It's best to pick flowers just before you want to use them and when they are just opened, then wash carefully in cold water.  Adding a little salt to the water will help get rid of any insects. Once well washed, carefully pat dry on kitchen paper or allow them dry naturally at room temperature. They can then be stored in the refrigerator in a plastic bag until ready to use but preferably not longer than 3 days.

The image below shows the structure of a typical flower:

In general, it's the petals that are the edible part of the flower. The stamen is the male part of the flower that produces pollen. As some pollens can be allergenic it is best to remove the stamens from any flowers before you consume them (do this with a pair of tweezers). The pistil is the female part of the flower and this can often be bitter and unpleasant in taste. It's best to remove this part of the flower as well. When removing the petals from a flower for consumption do so at the very last minute, just before you need to prepare them. Also, the white or pale 'heel' (base) of the petal can be bitter and should be cut off before using the petals.
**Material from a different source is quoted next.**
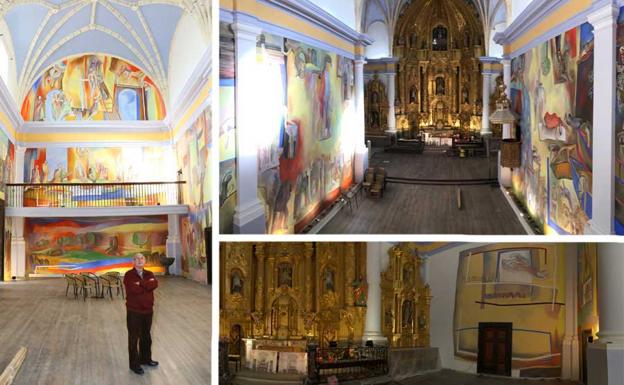 Xabier Egaña concluye sus murales en Antezana, con «pinturas que hacen pensar»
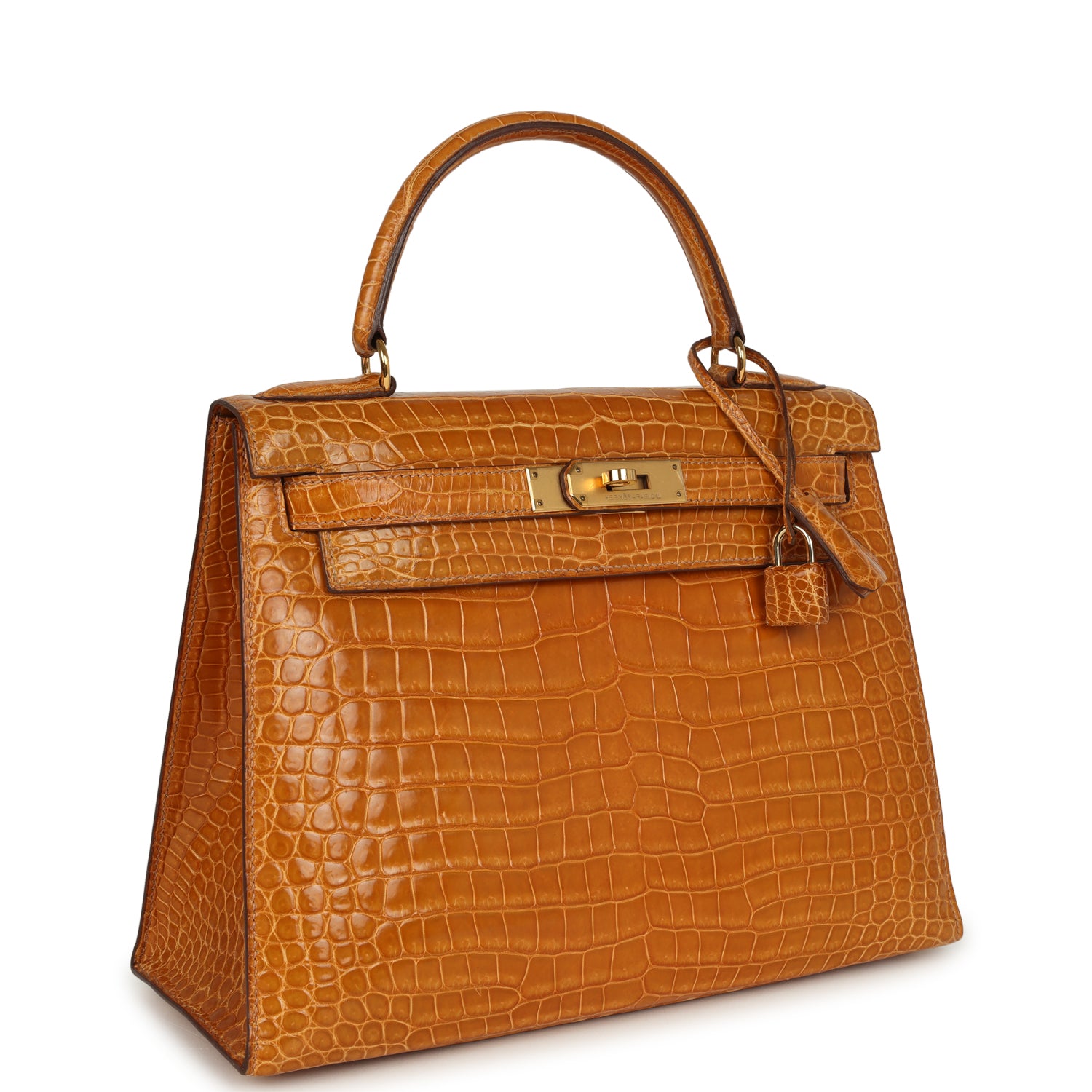 New Hermes Kelly Sellier 28 Saffron Porosus Crocodile Gold Hardware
For compound flowers such as the marigold pictured here (a compound flower ia flower head that superficially appears to be a single flower; but upon closer inspection reveals a row of outer petals arranged in a radiating shape around the inner disc flowers), sunflowers, daisies, etc, the petals should always be detached from the main flower body. For these types of flower only the petals are edible.

Exceptions to the rules given above are large flowers which are going to be stuffed and smaller flowers such as violas and primroses which can be eaten whole. Typically, as well, the pollen of flowers is avoided at all costs. However, there are, once more, exceptions to this rule and the pollen of the reedmace plant is much sought-after as a flour substitute.

As always, if you are in any doubt as to the recognition of a plant and its flowers then do not consume. The guide here will help you in your identification, but some flowers can be similar across species, making identification difficult. Also, as with any new food, only consume a small amount initially, in case you have an allergic reaction. Use flowers sparingly in your recipes as they can lead to digestive problems in some people.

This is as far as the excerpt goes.